═══ SOURCE INFORMATION

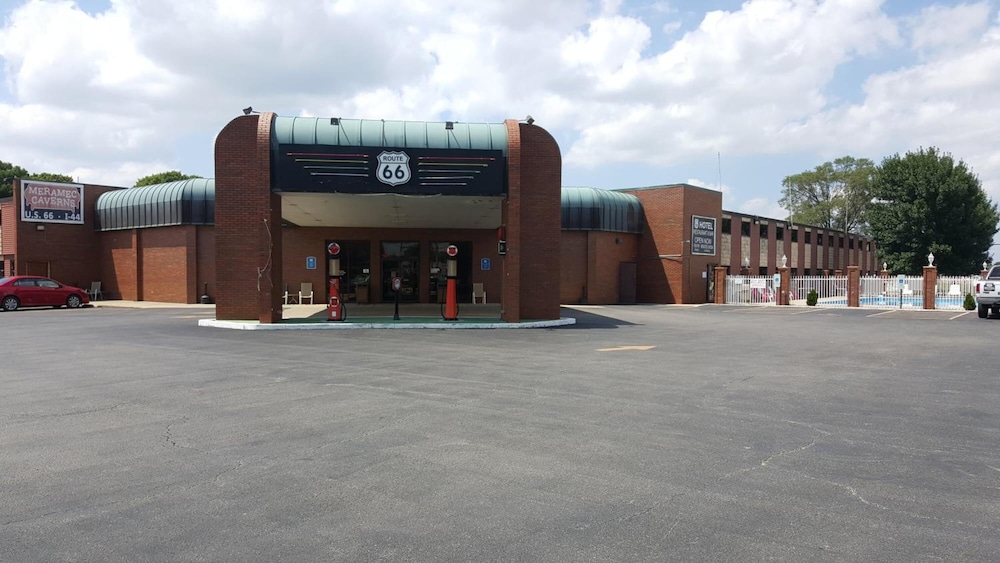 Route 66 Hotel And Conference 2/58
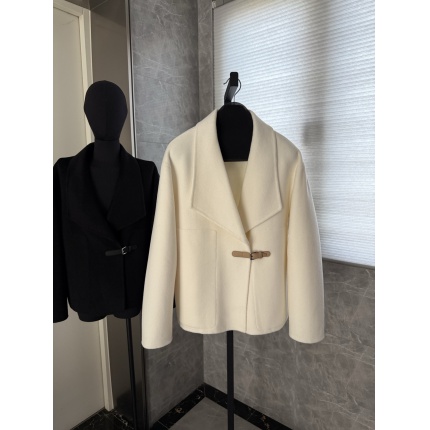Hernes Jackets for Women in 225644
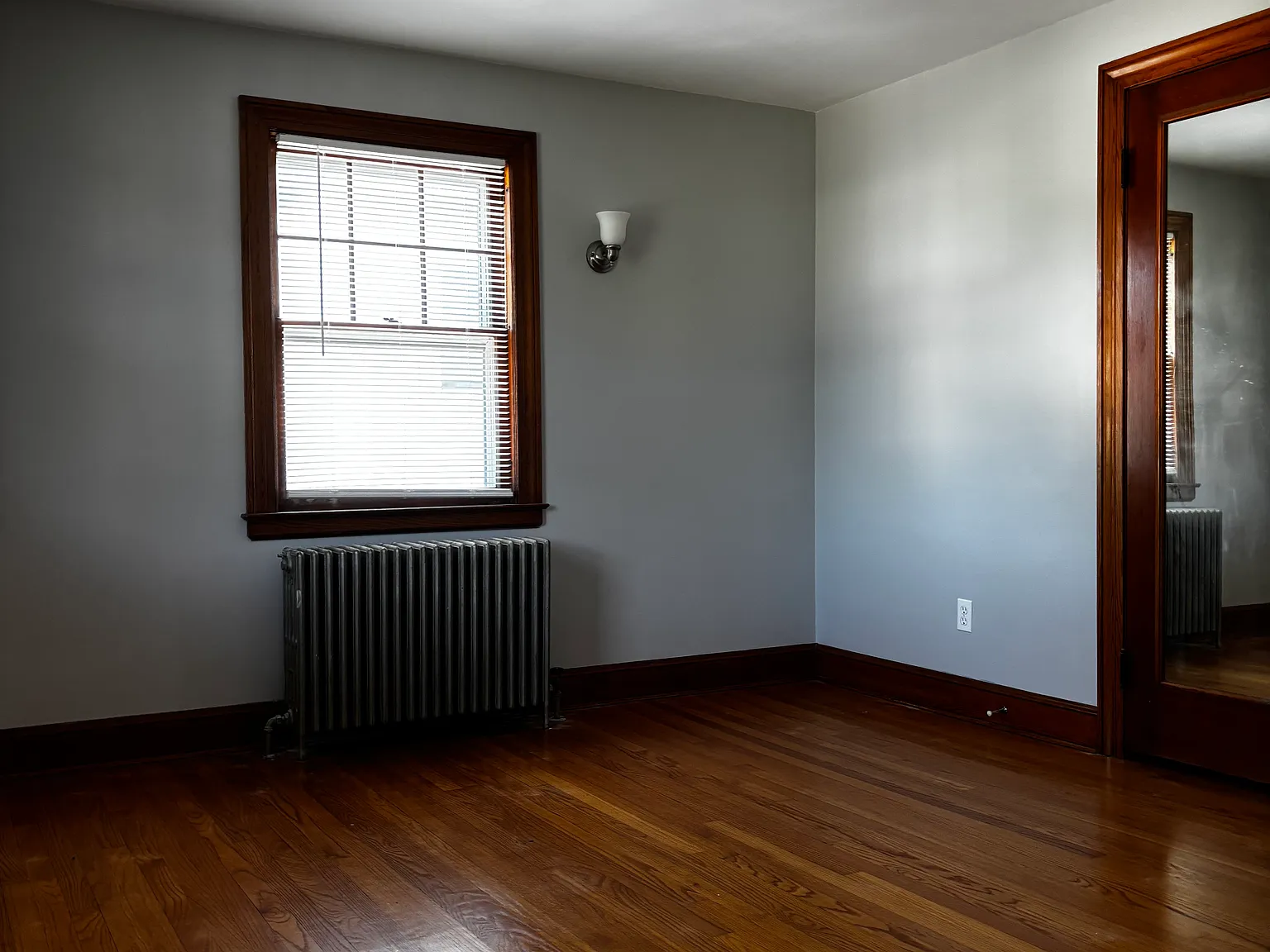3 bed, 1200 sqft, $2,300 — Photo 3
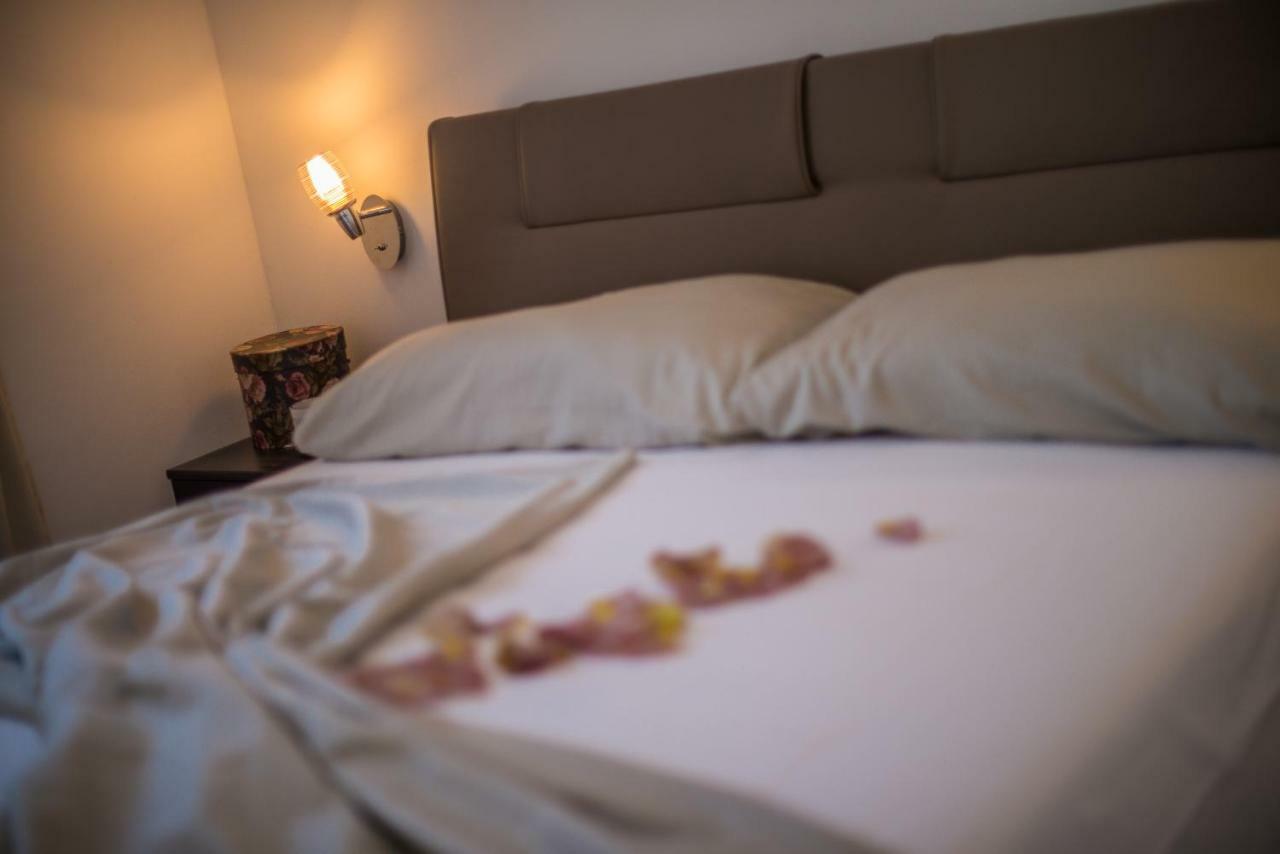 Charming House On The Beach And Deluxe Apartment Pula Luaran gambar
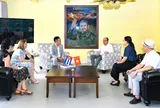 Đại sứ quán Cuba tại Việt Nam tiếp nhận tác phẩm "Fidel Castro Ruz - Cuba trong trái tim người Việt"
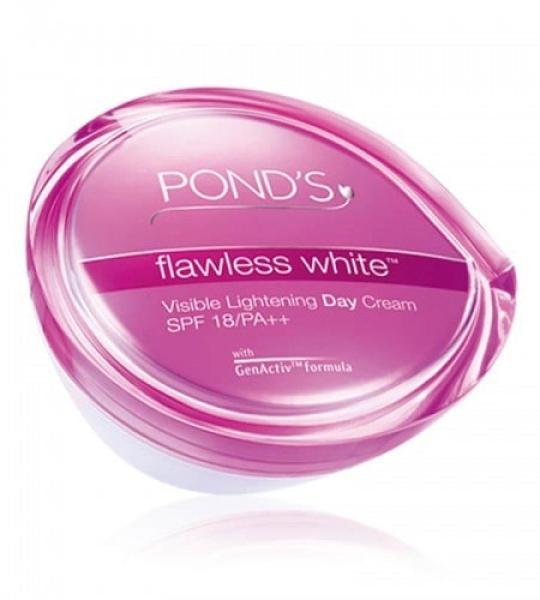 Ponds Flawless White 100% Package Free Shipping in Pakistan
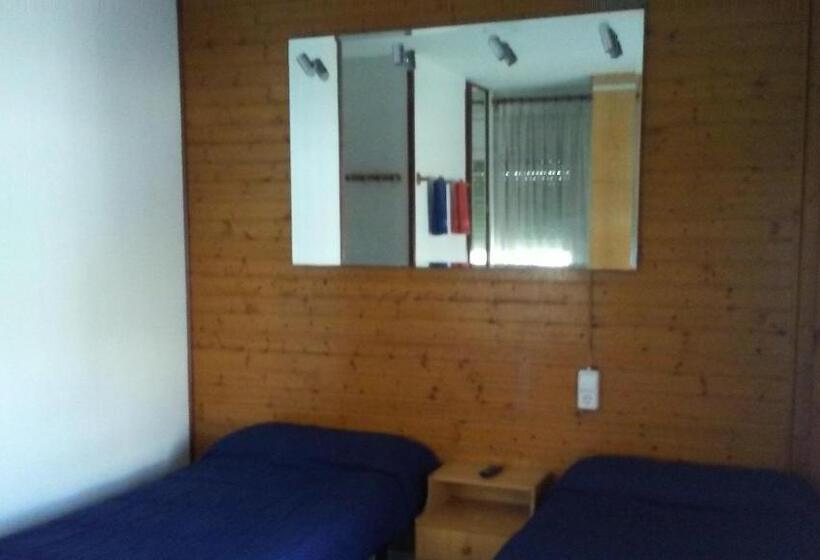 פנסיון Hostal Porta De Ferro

══════

_WHAT THE EXERCISE ASKS_
Your answer must consist solely of the lines from the one containing "Hernes Jackets for Women in 225644" through the last line of the records above, copied exactly, with every picture left out.

_ANSWER FOR THIS EXERCISE_
Hernes Jackets for Women in 225644
3 bed, 1200 sqft, $2,300 — Photo 3
 Charming House On The Beach And Deluxe Apartment Pula Luaran gambar
 Đại sứ quán Cuba tại Việt Nam tiếp nhận tác phẩm "Fidel Castro Ruz - Cuba trong trái tim người Việt"
 Ponds Flawless White 100% Package Free Shipping in Pakistan
 פנסיון Hostal Porta De Ferro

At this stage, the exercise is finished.